5 Critical Items Never to be Included in Cost Benefit Analysis

By: bhokin
When dealing with decisions using Cost Benefit Analysis techniques it is very important to follow the proven principles. The health of your company and your reputation depend on it. If these rules are not followed then your decisions could be flawed.

Let's start, shall we?

Critical Item #1. Sunk Costs

Irrecoverable cash outlays that occurred prior to the evaluation of the project are excluded, only the present and future costs/benefits are assessed. You cannot go back in time to add in past costs, only deal in the current and the future, as best you can.

Critical Item #2. Arbitrary Accounting Cost/Income Allocations

Depreciation - Depreciation is not a cash item.
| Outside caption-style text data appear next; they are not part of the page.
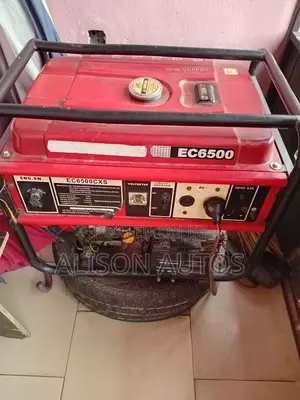 for Sale: Fireman 6.5kva Generator Few Months Used No Fault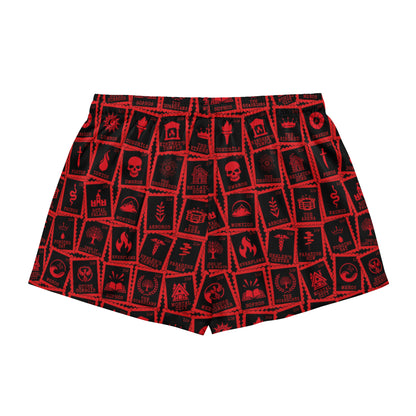 Stamps - Red | Kindred's Curse Pajama Shorts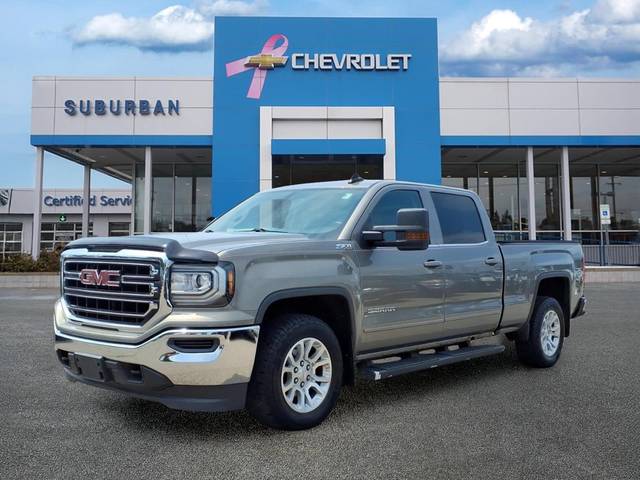 2017 GMC Sierra 1500 SLE 4WD photo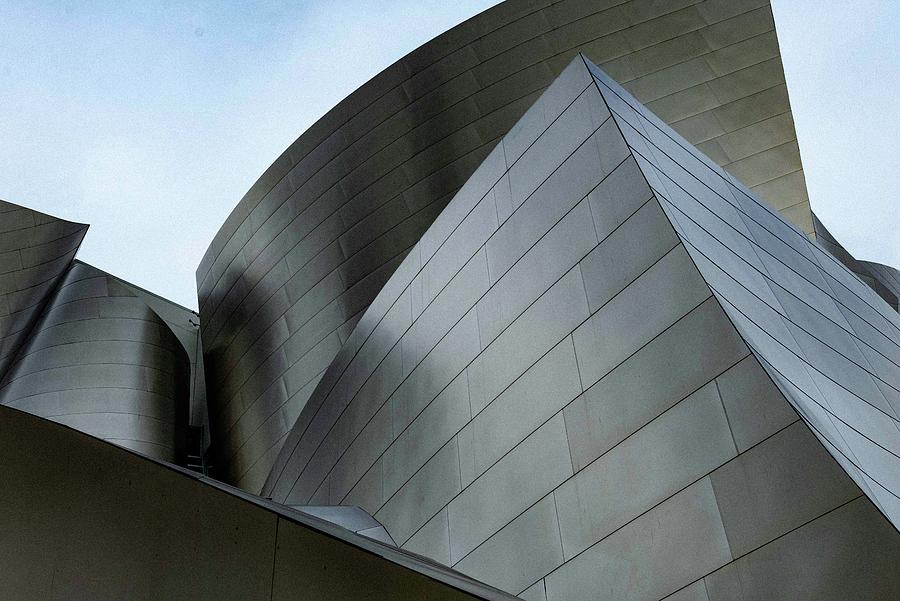 Walt Disney Concert Hall - 5 #1 Photograph by David Bearden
It relates to cash expended on capital purchases in previous periods. It is intended to show the decreasing value of the asset as time passes and as the asset ages through use or obsolescence.

To include depreciation in Cost Benefit Analysis, would be to double-count the expenditure.

The decreasing value of the asset is shown by the difference in the purchase price and the eventual disposal or sales price at the end of its life.

Accruals - Accruals are an accounting method of moving costs and income to different years as compared to when the transaction actually occurred. In Cost Benefit Analysis, we are dealing only in cash transactions in the year they occurred. Accruals have no role here.

Critical Item #3. Price Changes Due to Inflation

The Discount Rate used in the model is designed to take account of inflation during the life of the project. The Discount Rate reduces the value of the costs and benefits as time progresses, just as inflation does. If inflation-based price changes were included in the analysis, then they would be double-counted.

Critical Item #4. Book Gains or Losses

Accountants use this method to take account of the fact that the value of the asset at time of disposal is not equal to the depreciated value in the company's books. This often happens, since it is not always possible to accurately predict the selling price or disposal value at the time of purchase when the life of the asset is longer than a year or two.

However, in Cost Benefit Analysis models the purchase price and the selling price are always clearly stated, so there is no need to adjust.

Critical Item #5. Loan Repayments

The use of the Discount Rate is designed to take account of the cost of financing the project whether in terms of interest rate (if the funds are borrowed) or return on equity (if the funds are provided by shareholders). The actual cash repayments on the loan have no place in this analysis. Neither does the interest component of the repayments.